I think it's good that people are getting an inaccurate representation of a post's popularity. It adds variety. It forces people to talk things out further in order to get to the bottom of it. With a blatant like/dislike system people will quickly find out where the majority stands, and will naturally factor that in to their own posting habits.
like/dislike buttons ARE NOT a an accurate representation of a post's popularity anyway. If you can't understand this, then the fault is with you, not the like/dislike system. We're opposed in this because you seem to think there's something wrong with the tools we use, while I think there's something wrong with how we use the tools, or rather how we regard the tools we use.
What's not to understand? Someone gets a message saying "I like your post" and they are encouraged to do that thing more. Someone gets a message saying "I don't like your post" and they are encouraged to not do that thing as much. This is naturally going to corral people into mostly posting things that will get them their positive stimuli without the risk of a negative stimuli.

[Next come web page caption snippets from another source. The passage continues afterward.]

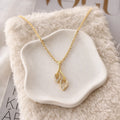 18KT Gold Twin Leaf Pendant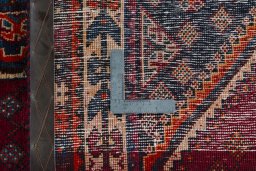 Close-up detail of 2000s Shiraz rug from Iran / Persia showing Wool weave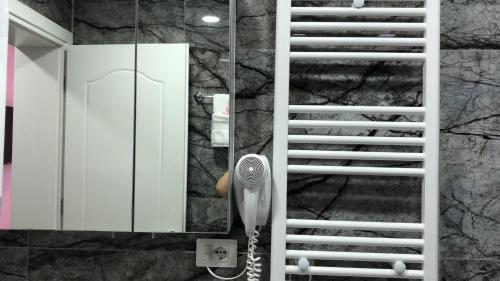 a bathroom with a hair dryer next to a mirror at Deluxe Apartment In City Center in Tirana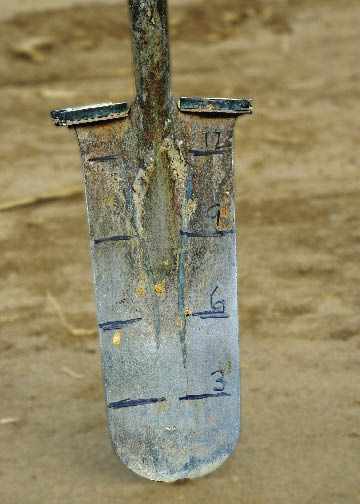 Figure 5.17 - A simple, qualitative method of determining compacted layers is to mark the face of a long shovel with a ruler. By pushing the shovel in the ground with the entire body weight and observing the distance the shovel penetrated can give a measure of the depth to a compacted layer.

Merely the I like your post is enough to corral people into doing that will get them positive response. In fact, if you want to get people to do what you want, negative stimuli are often ineffective and even counter productive. It's the entire foundation of modern education. We teach children in school almost solely by using positive feedback. And the results are that children will perceive that lack of positive reaction, while OTHER children (and that's the crux) do receive positive reaction, as a negative feedback. It works pretty much the same in adults, except that we seldom use only positive feedback. But in any case, if everyone around you get's promoted (positive feedback) you're eventually going to feel the lack of promotion (neutral feedback) as a negative feedback (which would initially have been something like getting fired or demoted).
In any case, it's not the like/dislike button which is the root cause of society's obsession with appearance. If there is a cultural cause, then it lies way in the past, and it has been reinforced and spiraled into more extreme forms over time because an obsessed mind creates structures that makes it easier to fixate obsession which in turn worsens obsession. Removing the structure itself won't be enough to cure the mind of obsession, it might help temporarily, but unless you teach coping mechanisms, then it's just going to relapse in some other form.